Some History of Forex Market

October 16, 2009 | scorpion

The historical evolution of foreign exchange markets can be compartmentalized into 3 distinct phases namely the gold exchange period, followed by the Bretton Woods Agreement, to its current setting.

The Gold exchange period

The gold exchange standard ruled over international economic system between 1876 and World War I. This was a fairly stable system wherein currencies were supported by the price of gold.

But the gold exchange standard had a weakness of evolving on an all or nothing pattern. For example, when a country’s economy strengthened, that country may import a great deal until its gold reserves may not be sufficient to support its currency.

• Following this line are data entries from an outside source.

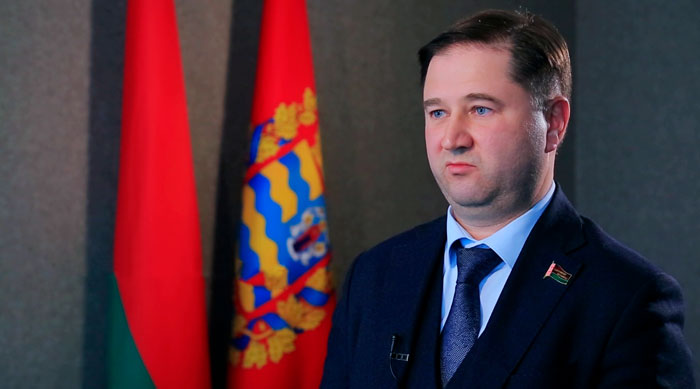 Ожидаем многого! Васильев о предстоящем Всебелорусском народном собрании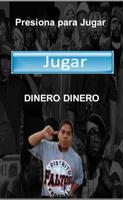 Flappy MC Dinero plakat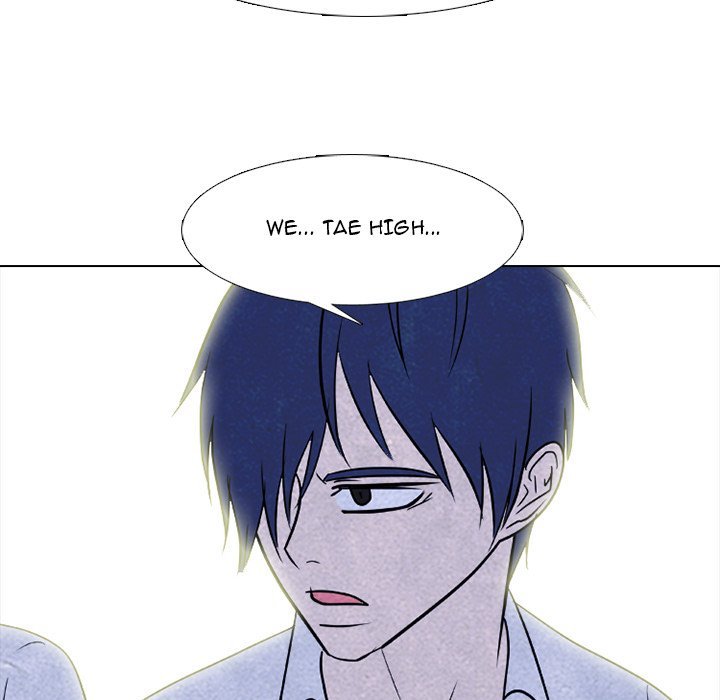 High School Devil Manhwa - Chapter 265 Page 61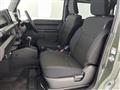 2020 Suzuki Jimny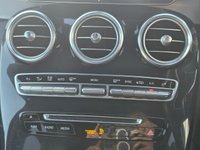 USED 2018 04 MERCEDES-BENZ GLC 2.1 GLC220d AMG Line (Premium Plus) SUV 5dr Diesel G-Tronic 4MATIC Euro 6 (s/s) (170 ps) 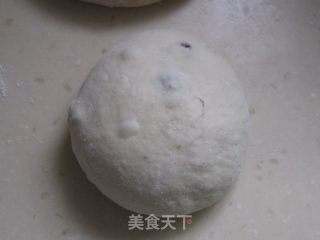 香蕉面包的做法步骤：6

Consequently this could lead to lesser money supply, escalation of interest rates and perhaps recession. In such a scenario, the rock bottom commodity prices would be a stimulus for other countries to engage in frenzied buying activity until normalization of the economy with decline in interest rates occurred. This worked fine until World War I caused blockage of trade inflows and movement of gold and along with that ended the all or nothing pattern typical of the gold standard.

Bretton Woods Agreement

The Bretton Woods Agreement was cobbled in 1944 to regulate international forex markets as it existed then. The essence of this agreement was to ensure international monetary steadiness and curb speculation in international currencies. As per this agreement, the value of national currencies was fixed against the dollar with the dollar rate set at 35USD per ounce of gold.

Participating countries were required to maintain the value of their currency within a narrow band against the dollar and an equivalent rate of gold.

Consequently the dollar became a sort of reference currency, inasmuch as it signaled a shift in global economic dominance from Europe to the U.S.

Conditions were also imposed on countries prohibiting them from devaluing their currencies in excess of 10%. However post-war construction during the 1950s with intense volume of international trade coupled with massive movement of capital put to naught the foreign exchange rates arrived at in the Bretton Woods Agreement.

With effect from 1971 the US dollar was no longer exchangeable into gold signaling the demise of the Bretton Woods Agreement. Furthermore by 1973, the major industrialized nations' currencies were floated more freely across nations, coinciding with currency prices being quoted daily, together with increase in volume, speed and price volatility of forex deals.

Post Bretton Woods Agreement also saw the emergence of several new financial instruments and trade liberalization. Furthermore with the advent of computers and technology in the 1980s the market reaches for cross-border forex trading gained momentum extending through Asian, European and American time zones.

Gradually foreign exchange transactions increased intensively to all the facets we see today in forex markets worldwide.

Emergence of Eurodollar

Another major factor that speeded up Forex trading was the emergence of the Eurodollar (US Dollars deposited in banks outside U.S) market.

Since 1980s London is reckoned as the key center in the Eurodollar market where U.K based banks lend dollars as an alternative to pounds, and its geographical proximity to both Asian and American markets has allowed the Eurodollar market to flourish as well.